Sunday Ship History: Glomar Explorer

In 1968, a Soviet Golf II ballistic missile submarine sank in 17,000 feet of water about 800 miles south of Hawaii. For a variety of reasons explained in the links that follow, the U.S. Navy had an fairly specific location of the wreck, whereas the Soviet government did not. What followed next is the normally the stuff of Clive Cussler novels, but even more amazing because it is true.

The U.S. government decided, as a matter of national intelligence, to raise the sunken submarine, the K-129, a Soviet Project 629A boat. Quite an undertaking, since
the K-129 was about 400 feet long and displaced about 3500 tons when submerged. However, the idea was sold to the CIA, and the CIA contracted with Howard Hughes, the ultra-reclusive billionaire, to get the recovery accomplished. Hughes contracted with Sun Shipbuilding to construct a purported "deep sea mining" vessel, known as Glomar Explorer - as well as a large submersible barge "HMB-1" (Hughes Mining Barge) to go along with the "mining ship" as it allegedly recovered manganese nodules from the deep sea bed (there is some assertion that parts of the Law of the Sea Treaty pertaining to deep sea mining were inspired by this CIA cover story). (photo from here- more photos here)

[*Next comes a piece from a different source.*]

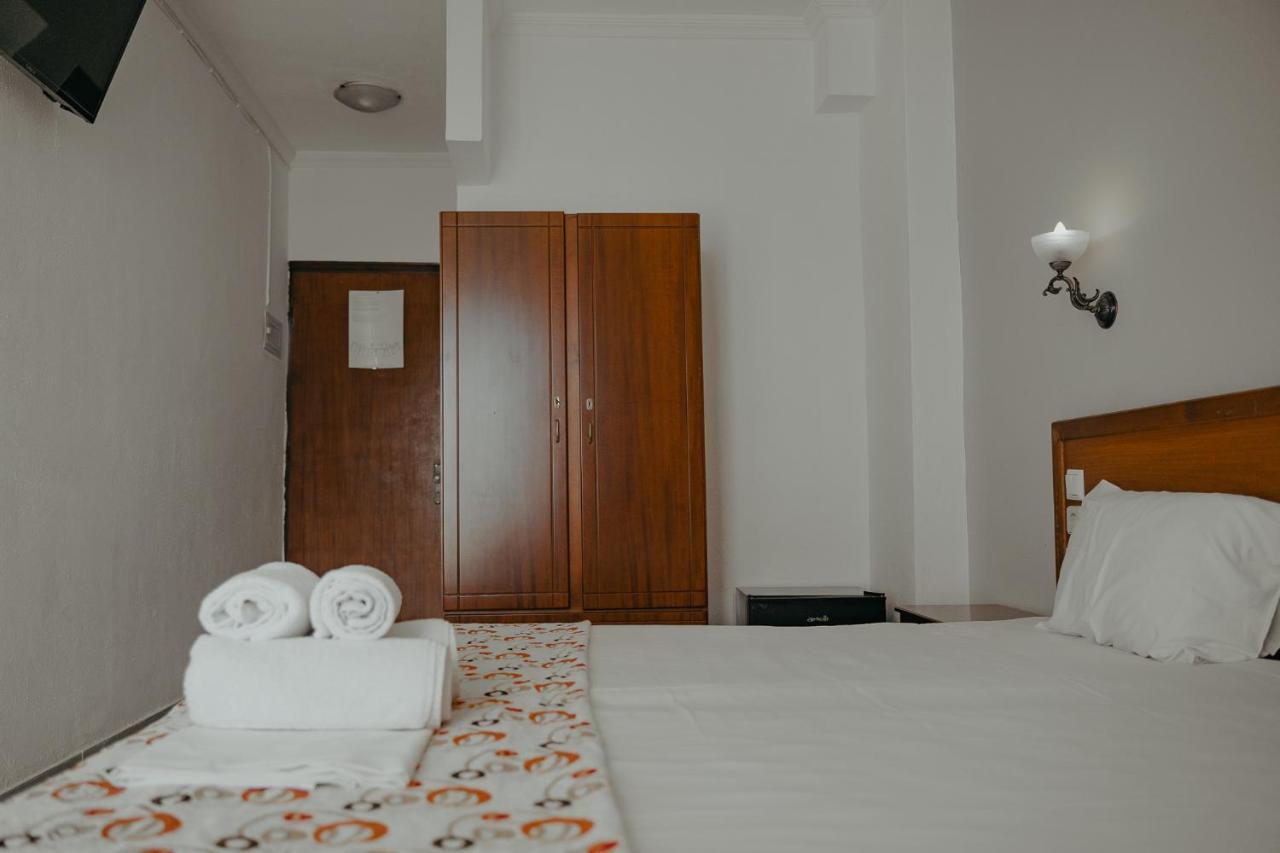 Arilla Beach Hotel Perdika  Buitenkant foto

The Glomar Explorer was built with a modified derrick located amidships over a "moon pool" about 200 feet long with hatches on the bottom of the hull that swung open to allow access to the sea. The HMB was designed with a retractable cover and was able to submerge so that it could sink under the keel of the Glomar Explorer and rise up under the moon pool. Unknown until years later was that the cover of the HMB shielded from view a large lifting
clamp (a/k/a "claw") known as "Clementine" that was put in place by the submerging barge process and connected to cables and hydraulic lines from the ship. The Clementine was the mechanism by which the K-129 was to be hoisted from the sea floor to the the HMB and then shielded from sight as the small flotilla returned to port with their prize intact. Or, as set out here:
The main ship—a hefty 36,000-tonner that would be 618 ft. in length and 115.5 ft. in beam—would serve as a floating, highly stable platform. Amidships would stand a high derrick that would pass piping directly through a well, or "moon pool," in the ship's hull, which could be opened or closed with a sliding panel. The ship's companion was to be a huge submersible barge roughly the size of a football field, which would be covered by an oval roof. The barge's purposes would be to carry the huge retrieval claws that would grapple for the submarine and later transport it to the U.S. The roof was meant to conceal its cargo from prying Soviet satellites.
More on the Project, code named "Jennifer," here, suggesting a role of U.S. submarines in finding K-129 and with a "hypothetical drawing" of "Clementine" as well as other speculative thoughts.

The Project began:
Towing the ungainly barge in her wake, the Glomar Explorer headed for the open sea on June 20, 1974, ready at last to attempt the culmination of Project Jennifer. By about mid-July the odd convoy reached the site of the sunken Soviet sub. The delicate salvage operation got under way. Despite the chop of waves and force of the current, it was necessary for the Glomar Explorer to maintain an almost impossible stationary position, straying no more than 50 ft. in any direction. To do that, the ship dropped a series of bottom-placed transducers, which detected the force and direction of the water's flow and transmitted that information to a shipboard computer. The computer, in turn, kept the ship in one place by activating a series of water jets and small propellers placed at intervals along the ship's hull. Next the barge opened its sea cocks until it had taken on enough water to sink to a depth of 150 ft. It was maneuvered directly beneath the Glomar Explorer's moon pool and held in place by stanchions from the mother ship. Pipe from the ship reached down to the barge and attached itself to the giant grappling claws, which resembled a series of four or six interconnected ice tongs hanging from a long platform. Then the ship's crew began to feed length after length of pipe through the hole. By the time the claw reached the Soviet submarine 16,000 ft. below, the pipe alone weighed more than 400,000 Ibs. Television cameras equipped with strobe lights enabled the claw operators to see what they were doing....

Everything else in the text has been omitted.